Only one stretch of the data below is wanted: the lines starting at the one with "江西省九江市高职单招2022年英语第一次模拟卷附答案" and ending at the one with "Girls Assorted Embellished", both included, given again exactly.

==== EXERCISE DATA ====

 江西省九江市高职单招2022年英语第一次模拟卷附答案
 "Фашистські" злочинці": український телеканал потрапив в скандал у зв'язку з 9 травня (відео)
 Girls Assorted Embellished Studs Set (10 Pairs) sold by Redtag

====
==== EXERCISE DATA ====

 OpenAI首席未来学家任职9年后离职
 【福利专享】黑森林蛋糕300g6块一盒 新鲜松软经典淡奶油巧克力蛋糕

====

#### [RESULT BELOW]
 江西省九江市高职单招2022年英语第一次模拟卷附答案
 "Фашистські" злочинці": український телеканал потрапив в скандал у зв'язку з 9 травня (відео)
 Girls Assorted Embellished Studs Set (10 Pairs) sold by Redtag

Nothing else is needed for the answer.